St Albans is a wonderful place to live and to grow, but like many places, plant a shrub and then neglect it and – before you know it - the shrub is rampant and the garden path has disappeared.

It will only reappear again after hours of cutting back, shredding and filling numerous recycling bags. I know because I have just spent the best part of two days cutting back bushes and shrubs and being told, “And don't cut off next year's flowers from the forsythia!”

Well, the choice is finding the path again in time for the
winter or keeping next Spring's forsythia flowers.  And I had forgotten how many aches and pains come with ladders, saws and secateurs.  
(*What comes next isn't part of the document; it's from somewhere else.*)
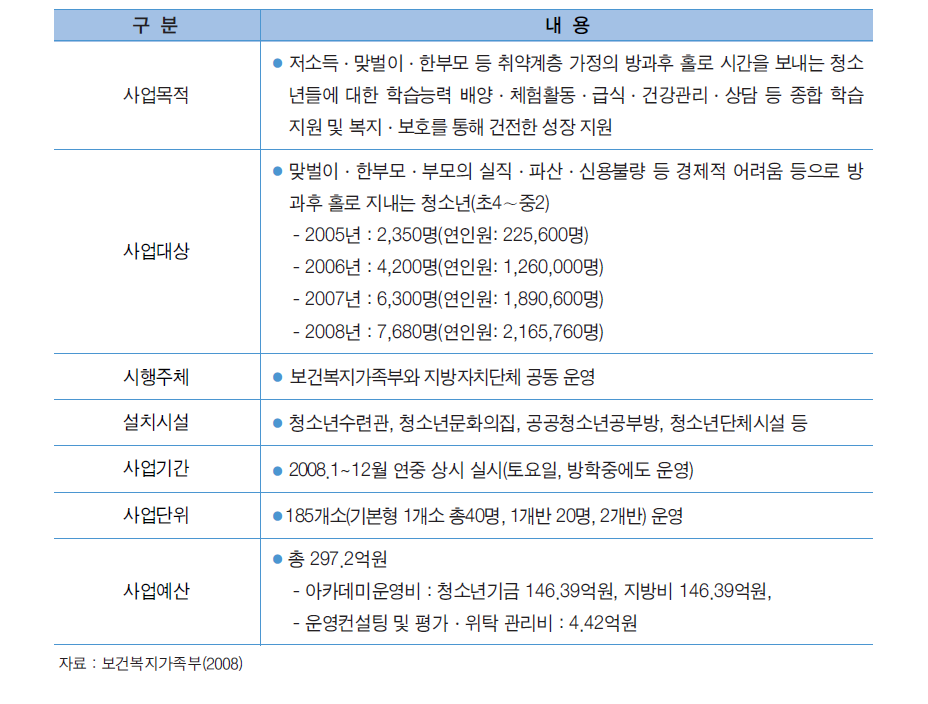 청소년 방과후 아카데미 사업개요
We are now coming to the end of this year's Season of Creation running from 1 September to 4 October. As an introduction at the beginning of this Season, Nicholas Holtam, Bishop of Salisbury said: “Celebrating Creationtide marks a
shift in the Christian understanding of our relationship to creation under God.
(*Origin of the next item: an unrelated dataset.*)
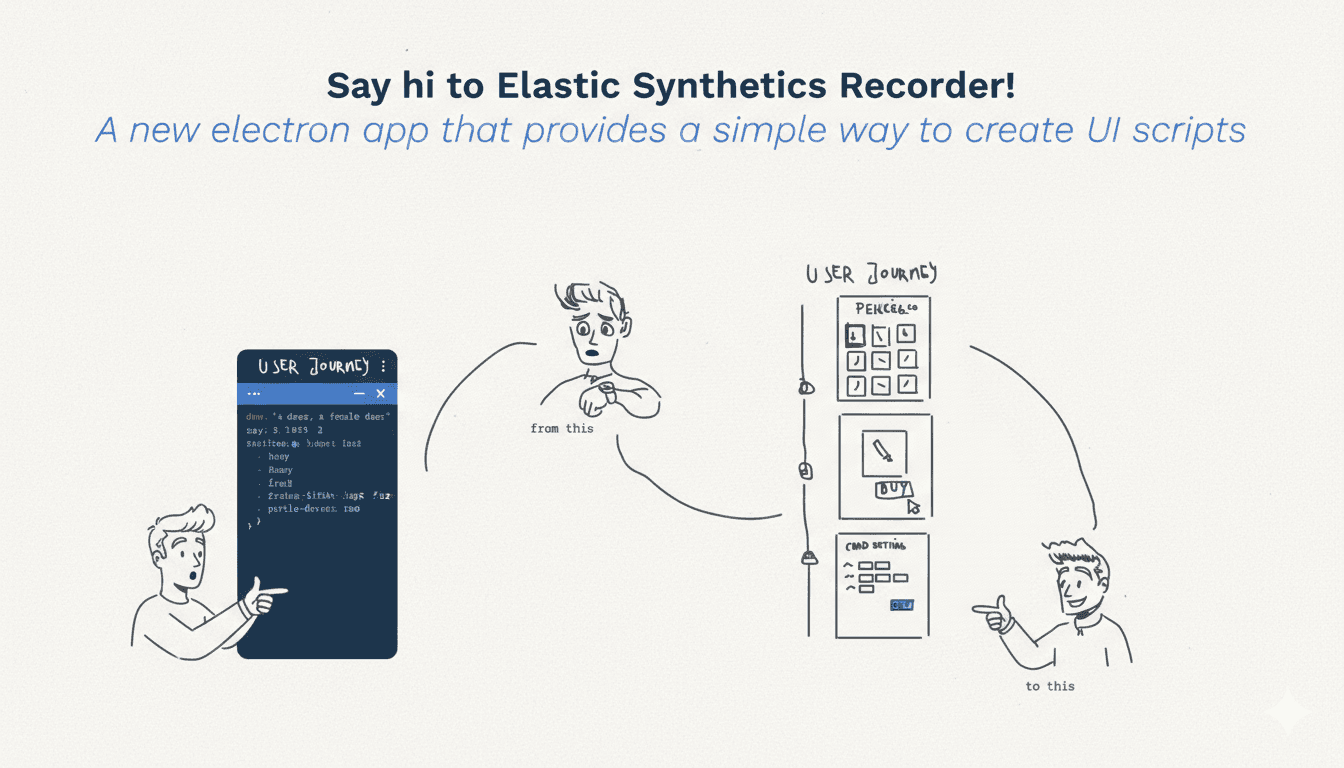 The image featured in the middle of the about us page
"The consequences of teaching over recent centuries that humanity has been given domination over creation are clear in the complex environmental crises we now face. It is important that Christians rediscover older traditions of a godly
relationship of humanity to the wider created order.”

Creation really is beautiful, but like my garden shrubs and bushes, cannot be abused and forgotten about – we all have responsibilities to protect Creation and not steal the future from succeeding generations.